The KOSPI has surged 92.8 percent since end-2025, far outpacing Taiwan's 52.5 percent gain, Japan's 31.1 percent rise and the Dow's 6.5 percent advance.
Yet the same data reveal why Korea's case remains complicated: the market has delivered developed-world scale and technology leadership with emerging-market volatility and unstable foreign flows.
The war-risk discount is now easing. A planned U.S.-Iran memorandum of understanding on Friday could reopen commercial traffic through the Strait of Hormuz and reduce the oil premium that has weighed on Korea, which imports roughly 70 percent of its crude from the Middle East.
Oil prices and the won have already moved in response, allowing investors to refocus on earnings.
Yuanta Securities on Monday said the removal of war risk has confirmed the return of foreign investors. Overseas buyers returned to Korean shares for two consecutive sessions after weeks of selling, concentrating on large-cap semiconductor names.
As of 1:40 p.m., the KOSPI was up 5.3 percent at 8,554.98, with foreign investors turning net buyers of 638 billion won and extending Friday's purchases of 2.7 trillion won. The buying marks a sharp reversal from a near-uninterrupted selling spree that ran from May through Thursday, during which foreigners offloaded 51.5 trillion won worth in KOSPI in May and a further 27.2 trillion won in June.
Yuanta attributed the shift to easing geopolitical tensions, reduced won-dollar volatility and the end of SpaceX-related liquidity migration.
The shift in foreign flows comes with one week to spare before MSCI delivers its annual market-classification verdict on June 23, but industry watchers say MSCI's developed-market watch-list decision on won't be settled by Samsung Electronics and SK hynix alone.
Korea has long sought developed-market status. MSCI removed the country from its developed-market watch list in 2014, citing restrictions on currency trading and other market-access issues. Last year, the index provider again pointed to shortcomings in foreign-exchange reforms and compliance burdens on overseas investors.
Since then, Korea has resumed short selling and is preparing to launch extended won trading hours in July, two reforms long demanded by global investors.

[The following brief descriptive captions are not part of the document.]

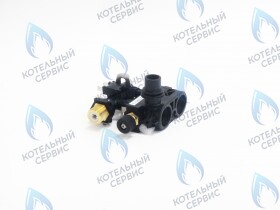 Гидроузел с датчиком протока ГВС и краном подпитки Ferroli Fortuna Pro (398608480,902610850,902610870), Thermex (28100020), KoreaStar (KS902608480)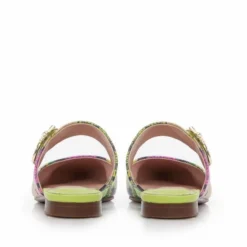 Florally Lime Green Snake Print Leather -Moda In Pelle Sales florally lime green snake print leather p12638 83104 medium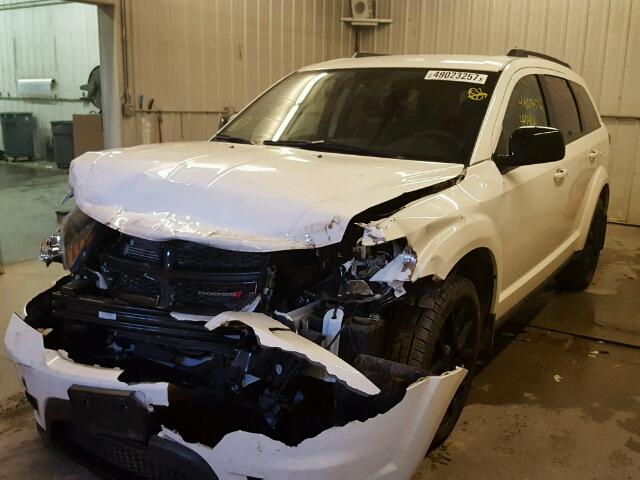 3C4PDDBG2FT725843 - 2015 DODGE JOURNEY SX WHITE photo 2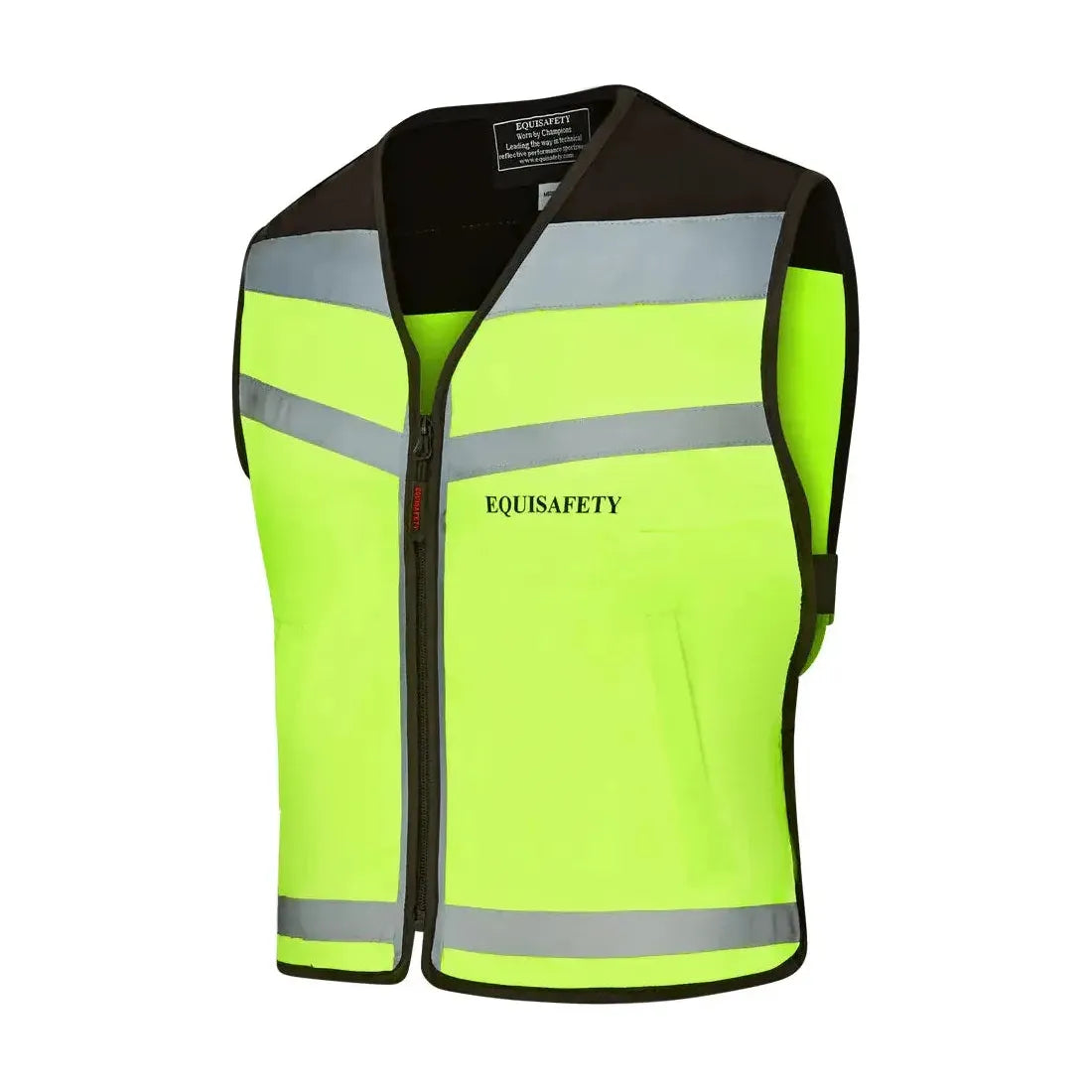 Equisafety Reflective Air Waistcoat Yellow - Plain Back - Equisafety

Compared with Japan, Korea has the earnings momentum but not yet the market structure. Japan's rerating was powered not only by technology and exporters but by years of exchange-led reform, broader shareholder returns and a deeper base of long-term global capital. Korea's value-up campaign is moving in the same direction — but it is younger and less tested.
Korean stocks still trade well below Japanese, Taiwanese and American peers, even as chips, shipbuilding, banks, autos and power equipment deliver stronger earnings. Developed-market status, however, requires more than cheap valuations and high returns.
The real checklist is market access, currency convertibility, short-selling normalization, settlement reliability, foreign-investor convenience, governance and shareholder protection.
Korea has made progress, but MSCI will want evidence that reforms are durable, not cyclical.
Korea's strongest argument is that it is no longer simply an emerging-market proxy. It is a core AI supply-chain market with global-scale companies, record earnings and a growing shareholder-return culture.
Its weakest point is that the rally remains too concentrated and too volatile. Just last week, the KOSPI has swayed 4 to 8 percent daily from 7,484.41 to 8,123.62.
After Hormuz, the KOSPI may have enough fuel to test 9,000. To reach developed-market status, Korea must prove it can look less like a spectacular trade and more like a stable market.